**What needs to be done**
Repeat exactly the lines from the line containing "Vente d'une habitation" through the last line of the records below, inclusive, and nothing else.

**Stored data**
*** Begin section ***

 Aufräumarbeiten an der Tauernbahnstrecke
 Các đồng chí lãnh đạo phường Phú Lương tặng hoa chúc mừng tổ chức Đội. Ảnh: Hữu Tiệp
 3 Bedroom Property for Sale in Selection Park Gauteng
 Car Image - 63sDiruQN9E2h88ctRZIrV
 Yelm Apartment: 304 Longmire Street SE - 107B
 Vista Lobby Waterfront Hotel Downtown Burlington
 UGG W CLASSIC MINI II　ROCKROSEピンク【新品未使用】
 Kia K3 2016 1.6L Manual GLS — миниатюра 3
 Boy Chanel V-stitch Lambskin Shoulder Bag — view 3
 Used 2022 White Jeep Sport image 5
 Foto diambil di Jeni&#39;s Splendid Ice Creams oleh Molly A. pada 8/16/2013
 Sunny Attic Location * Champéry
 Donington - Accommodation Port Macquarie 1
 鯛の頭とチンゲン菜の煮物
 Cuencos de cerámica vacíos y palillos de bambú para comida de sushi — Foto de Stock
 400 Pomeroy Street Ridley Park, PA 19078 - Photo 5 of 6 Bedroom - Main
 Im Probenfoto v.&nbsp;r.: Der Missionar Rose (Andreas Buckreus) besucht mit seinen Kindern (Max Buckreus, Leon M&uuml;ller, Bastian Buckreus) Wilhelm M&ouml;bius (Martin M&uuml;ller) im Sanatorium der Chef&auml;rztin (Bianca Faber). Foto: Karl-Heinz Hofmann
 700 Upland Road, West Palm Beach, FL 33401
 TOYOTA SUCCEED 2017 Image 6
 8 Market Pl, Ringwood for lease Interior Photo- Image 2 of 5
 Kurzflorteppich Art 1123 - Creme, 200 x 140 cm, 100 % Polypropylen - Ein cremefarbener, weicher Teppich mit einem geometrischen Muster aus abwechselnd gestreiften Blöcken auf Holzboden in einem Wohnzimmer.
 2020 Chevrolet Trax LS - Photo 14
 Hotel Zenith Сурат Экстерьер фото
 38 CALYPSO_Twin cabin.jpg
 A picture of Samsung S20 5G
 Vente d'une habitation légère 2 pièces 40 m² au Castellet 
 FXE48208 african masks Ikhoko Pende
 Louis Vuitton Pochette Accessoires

*** End section ***

**Expected answer**
 Vente d'une habitation légère 2 pièces 40 m² au Castellet 
 FXE48208 african masks Ikhoko Pende
 Louis Vuitton Pochette Accessoires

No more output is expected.